Vimos nas últimas eleições a radicalização entre petistas e bolsonaristas. como quebrar essa polarização?

          Nós hoje só temos dois partidos no Brasil, os contra e os a favor. Acho até que nós só temos contra. São dois tipos de construção: os que são contra Lula e que estão com o Bolsonaro, e os que são contra Bolsonaro e que estão com Lula. Nós precisamos procurar os que são a favor do Brasil.

Por que que é tão difícil ter novas lideranças que atendam as demandas que o país precisa?

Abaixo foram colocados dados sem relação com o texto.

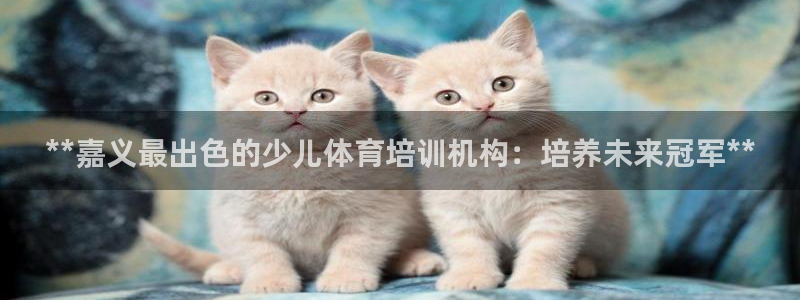 焦点娱乐官网首页入口下载：**嘉义最出色的少儿体育培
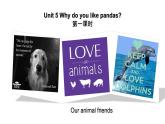 人教版七年级下册Unit5 sectionA1a-2d课件PPT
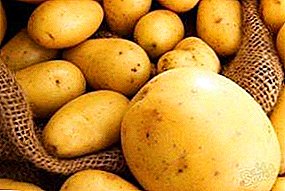 Навъҳои болаззат ва зебои картошка "Caprice": Тавсифи гуногун, хусусият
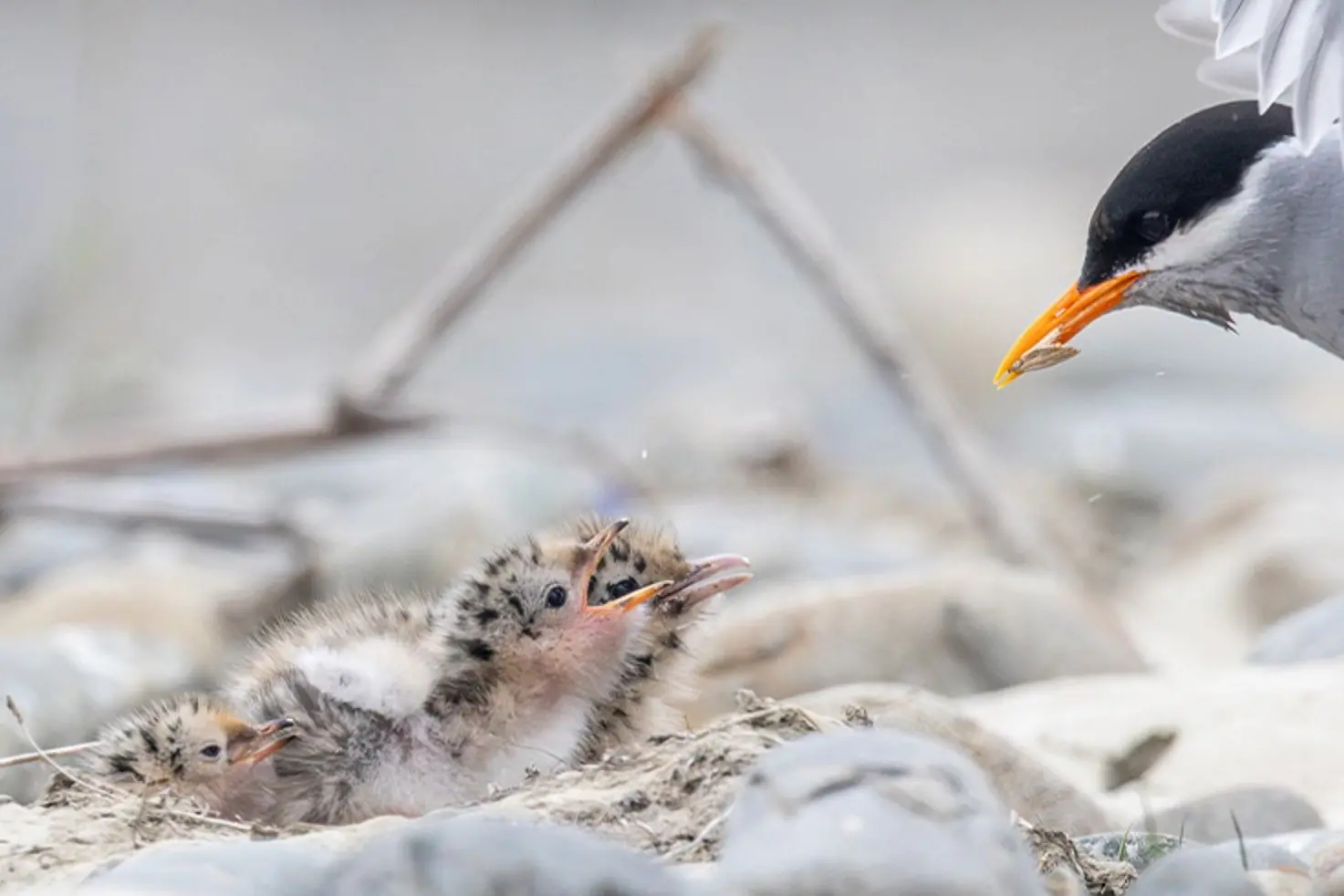 Nesting season . . . Give braided river birds some space. Photo: Supplied by Environment Canterbury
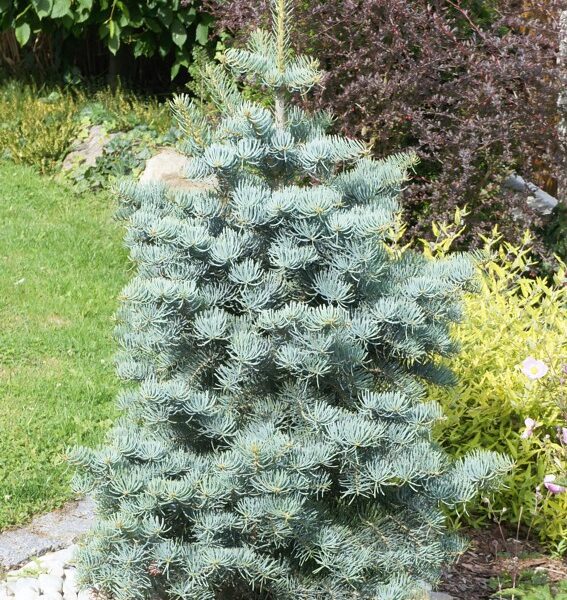 Abies concolor 'Violacea' (Koloradska jelka)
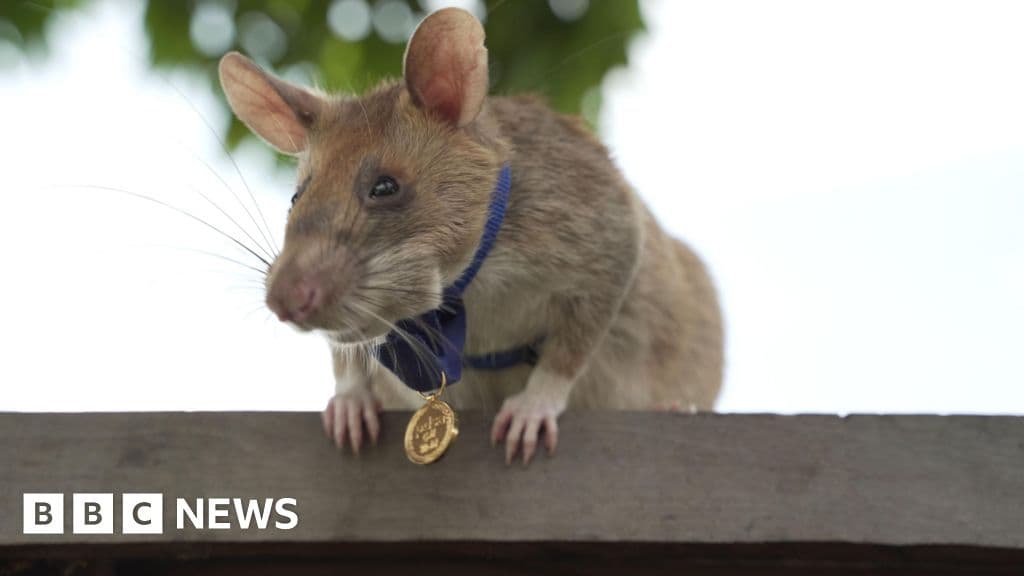 Breaking: Cambodia Honors Heroic Landmine-Detecting Rat
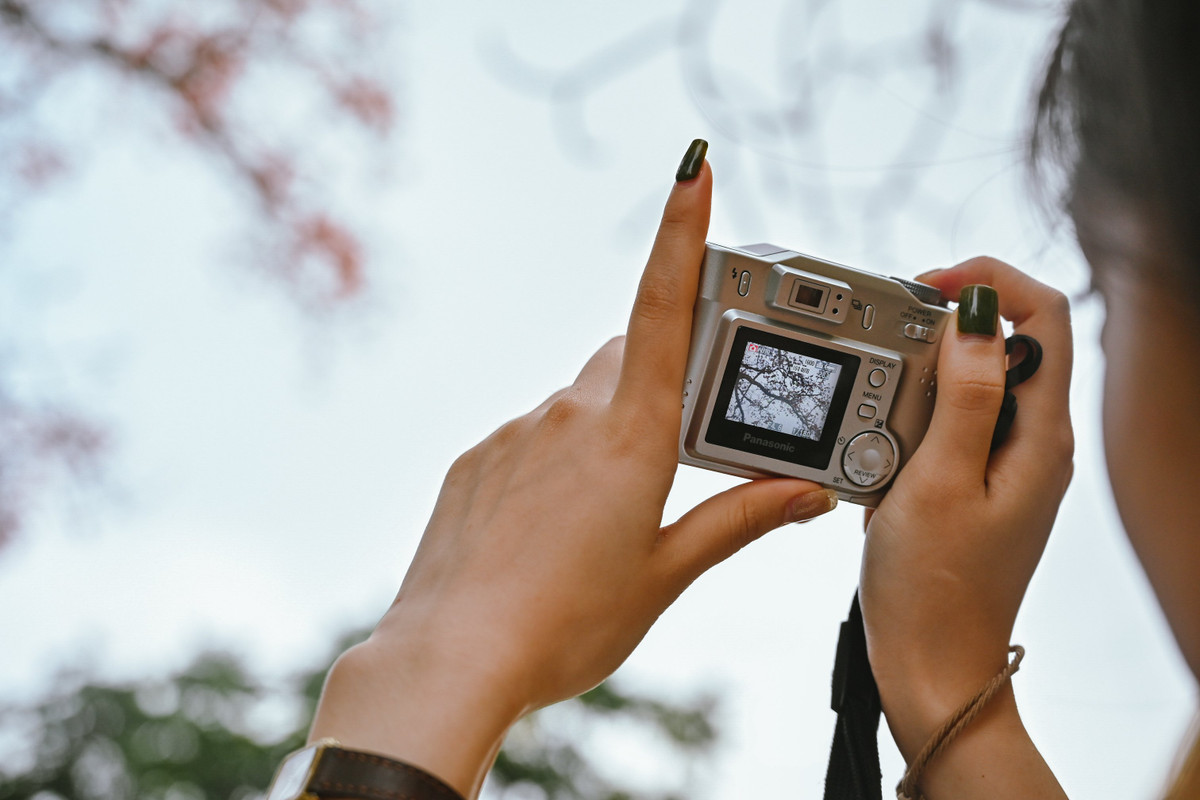 Với những bạn trẻ có sở thích chụp ảnh, đây là một địa điểm phù hợp để sở hữu những khung hình ưng ý.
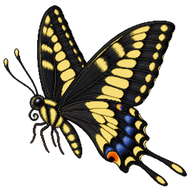 Two-tailed Swallowtail
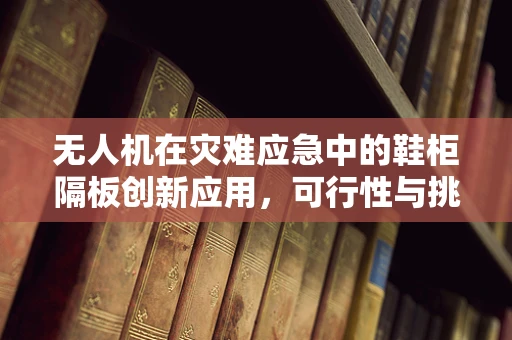 无人机在灾难应急中的鞋柜隔板创新应用，可行性与挑战？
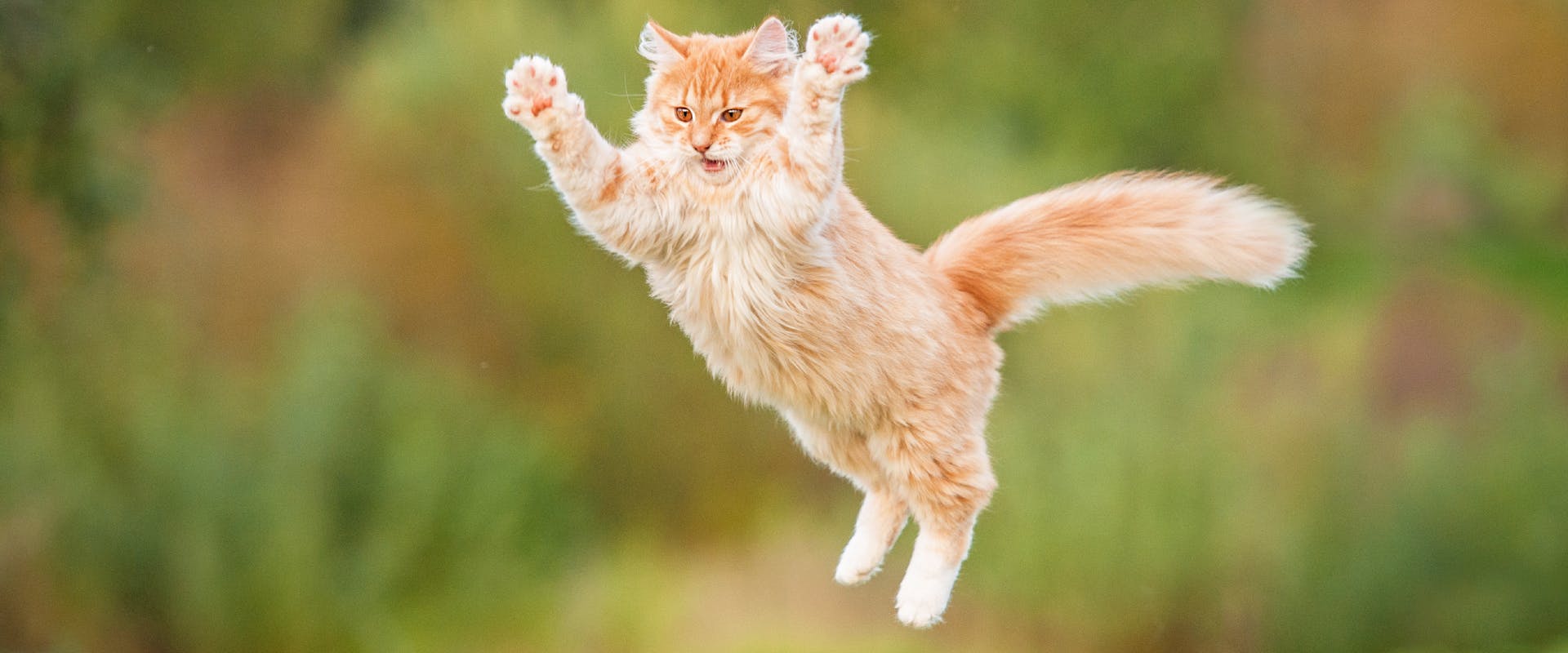 A cat jumps through the air.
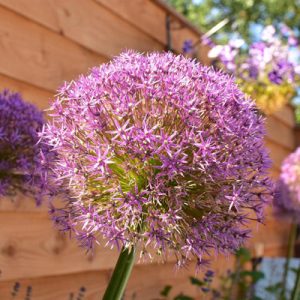 drechtsteden-hoveniers-dordrecht-164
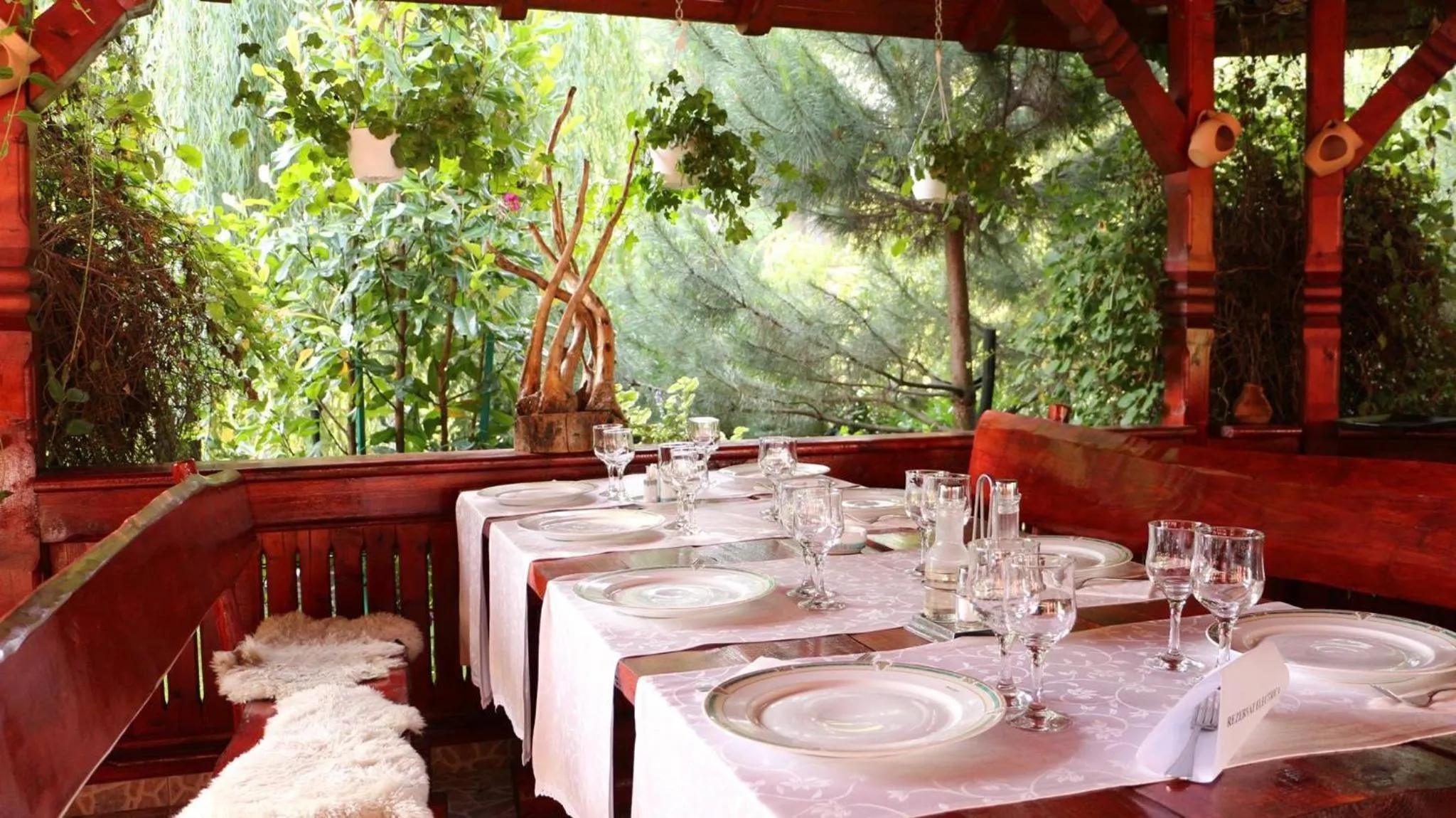 Balcony/Terrace in Hotel Carpati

         Essa radicalização inibiu algumas pessoas. Algumas pessoas que são mais da paz e da concórdia, o que significa dizer que você cede uma parte. O acordo é isso, você cede uma parte, o outro cede uma parte. Se nós ficarmos procurando só quem venceu, nós nunca vamos chegar a um acordo. Os vencedores têm que ser todos.

Nesses anos todos em que senhor atua na política, o brasil regrediu politicamente?

          Olha, pode até parecer que está pior, mas nós avançamos. A nossa democracia está consolidada porque nós passamos por isso tudo e a democracia está preservada. No passado havia uma ameaça, qualquer coisa, vinha um golpe, os militares começavam a se mexer. Hoje, isso não existe. Vivemos numa paz, evidentemente que se faz, mas política todo dia do que eles faziam no passado. No passado, nós discutíamos as eleições, as teses, os temas. Hoje a gente fica procurando essa briga para ver quem é o vencedor e quem é o derrotado.

Ser ministro agora está mais fácil do que no início do mandato?

         Agora, muito mais. Você não pode imaginar. Um dos anos mais difíceis de minha vida foi 2023. Primeiro, eu não queria voltar para a política. Voltei porque sou amigo do presidente. Acredito nele, acredito nas ideias dele. Se as ideias dele forem todas materializadas, nós vamos ser um país mais justo. A gente precisa lembrar que, muitas vezes, pensamos que a política é feita para os ricos. Mas a maioria dos brasileiros é de pobres. John Kennedy disse uma frase uma vez, que eu gosto muito de repetir: “ai dos poucos que têm, se não se lembrarem, dos muitos que não têm”. São muitos que não têm no Brasil que são vítimas desse desacerto da política.